### What the task requires
Start at the first line below and write out everything verbatim except the pictures.

### Dataset section
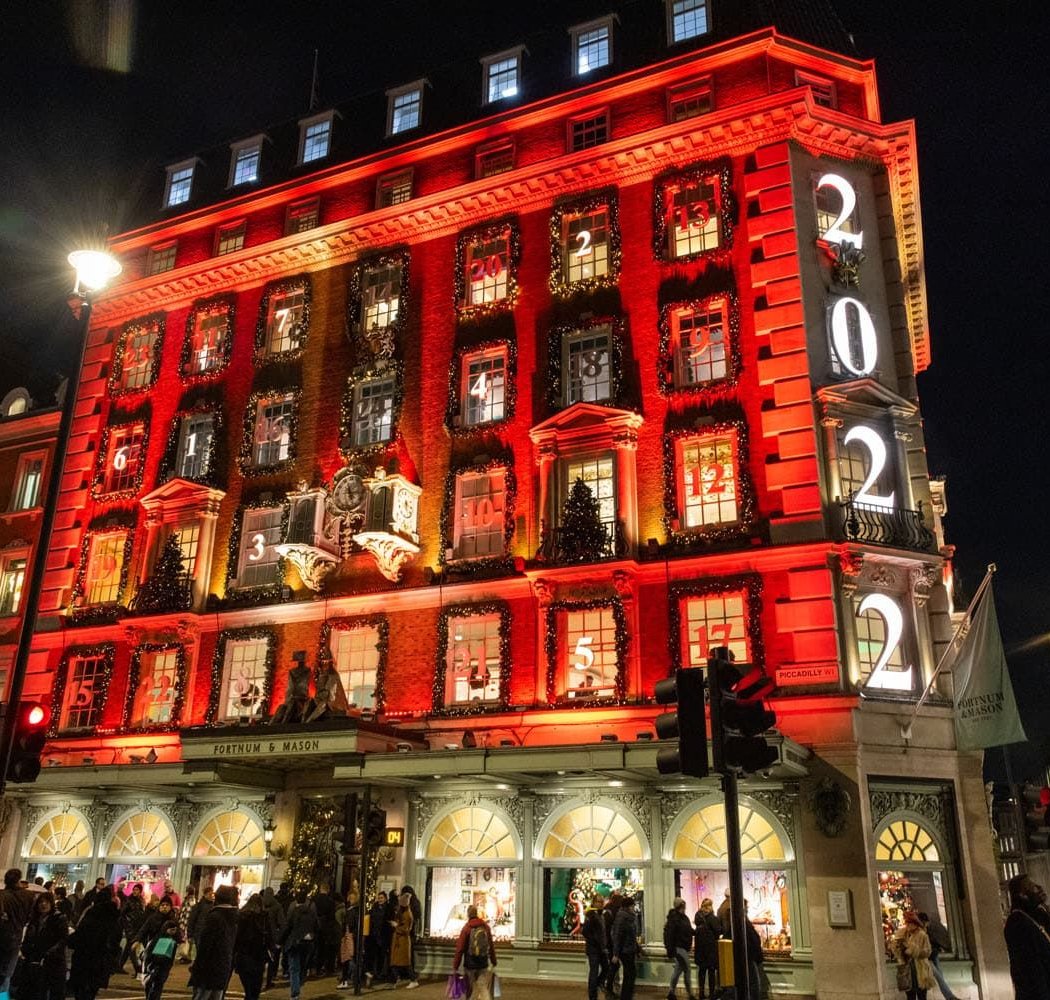 Fortnum & Mason 2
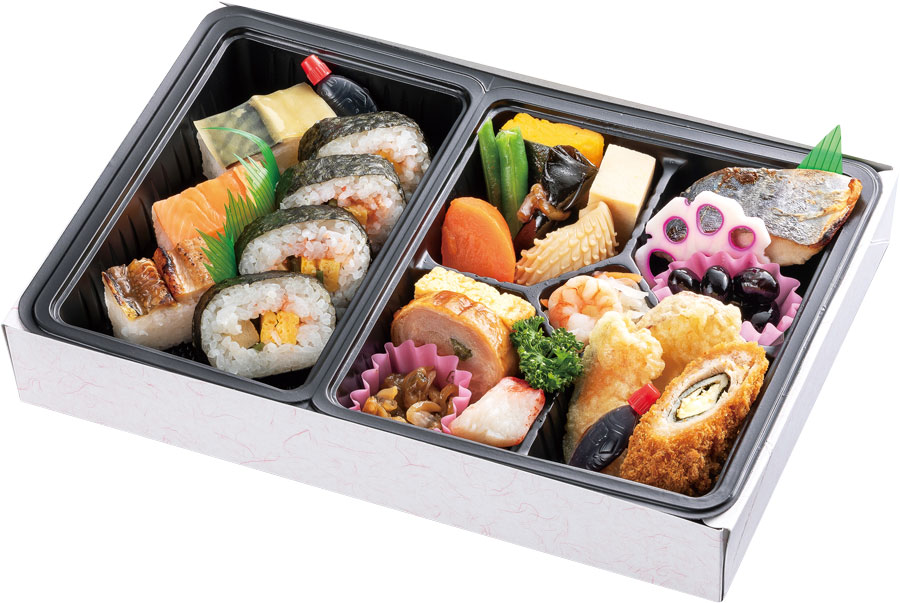 寿司弁当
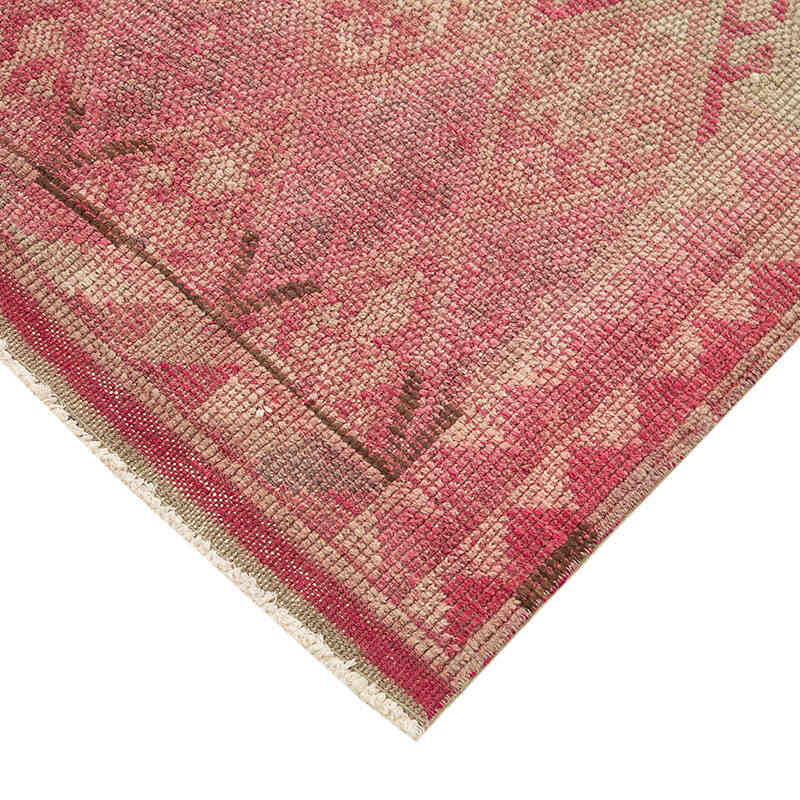 Alfombra Vintage de pasillo - 86 cm x 348 cm - K0051423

### Answer to the problem
 Fortnum & Mason 2
 寿司弁当
 Alfombra Vintage de pasillo - 86 cm x 348 cm - K0051423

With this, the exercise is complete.